## What you need to do
Exactly reproduce the line that contains "阿列谢尼Casa Raluca的带淋浴、卫生间和盥洗盆的浴室" and all lines after it in the entries below, through the very last line.

================

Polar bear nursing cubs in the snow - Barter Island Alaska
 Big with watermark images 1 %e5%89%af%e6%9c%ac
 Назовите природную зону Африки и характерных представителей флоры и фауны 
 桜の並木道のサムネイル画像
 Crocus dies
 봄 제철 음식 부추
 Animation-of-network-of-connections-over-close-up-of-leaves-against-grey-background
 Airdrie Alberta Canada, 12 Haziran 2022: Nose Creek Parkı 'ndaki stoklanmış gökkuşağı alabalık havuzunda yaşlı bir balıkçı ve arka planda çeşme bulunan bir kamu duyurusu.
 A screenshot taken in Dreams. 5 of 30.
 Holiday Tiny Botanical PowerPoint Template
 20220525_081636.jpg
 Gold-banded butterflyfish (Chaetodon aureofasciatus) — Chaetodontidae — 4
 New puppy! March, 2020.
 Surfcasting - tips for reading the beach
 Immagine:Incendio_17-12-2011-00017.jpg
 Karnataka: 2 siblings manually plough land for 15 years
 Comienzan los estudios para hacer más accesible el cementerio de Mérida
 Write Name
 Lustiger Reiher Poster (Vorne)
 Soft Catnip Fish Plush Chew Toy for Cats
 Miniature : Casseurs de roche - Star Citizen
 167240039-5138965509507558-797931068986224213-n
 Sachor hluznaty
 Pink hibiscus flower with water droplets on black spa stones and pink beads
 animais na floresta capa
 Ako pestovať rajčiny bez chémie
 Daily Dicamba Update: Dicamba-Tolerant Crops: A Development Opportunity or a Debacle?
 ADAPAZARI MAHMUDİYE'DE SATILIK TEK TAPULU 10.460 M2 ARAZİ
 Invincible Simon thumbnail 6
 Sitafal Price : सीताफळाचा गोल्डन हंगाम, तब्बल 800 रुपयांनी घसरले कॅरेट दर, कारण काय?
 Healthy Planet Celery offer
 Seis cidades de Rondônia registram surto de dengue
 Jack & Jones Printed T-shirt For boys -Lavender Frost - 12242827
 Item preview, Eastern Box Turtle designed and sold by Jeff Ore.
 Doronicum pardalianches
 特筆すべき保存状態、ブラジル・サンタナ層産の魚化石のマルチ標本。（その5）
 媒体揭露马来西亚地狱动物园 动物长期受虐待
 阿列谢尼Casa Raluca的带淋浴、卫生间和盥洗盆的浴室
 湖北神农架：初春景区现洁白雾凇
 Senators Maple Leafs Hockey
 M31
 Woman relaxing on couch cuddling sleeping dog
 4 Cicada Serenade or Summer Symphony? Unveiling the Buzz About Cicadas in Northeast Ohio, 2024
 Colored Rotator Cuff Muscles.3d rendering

================

## Answer to the problem
 阿列谢尼Casa Raluca的带淋浴、卫生间和盥洗盆的浴室
 湖北神农架：初春景区现洁白雾凇
 Senators Maple Leafs Hockey
 M31
 Woman relaxing on couch cuddling sleeping dog
 4 Cicada Serenade or Summer Symphony? Unveiling the Buzz About Cicadas in Northeast Ohio, 2024
 Colored Rotator Cuff Muscles.3d rendering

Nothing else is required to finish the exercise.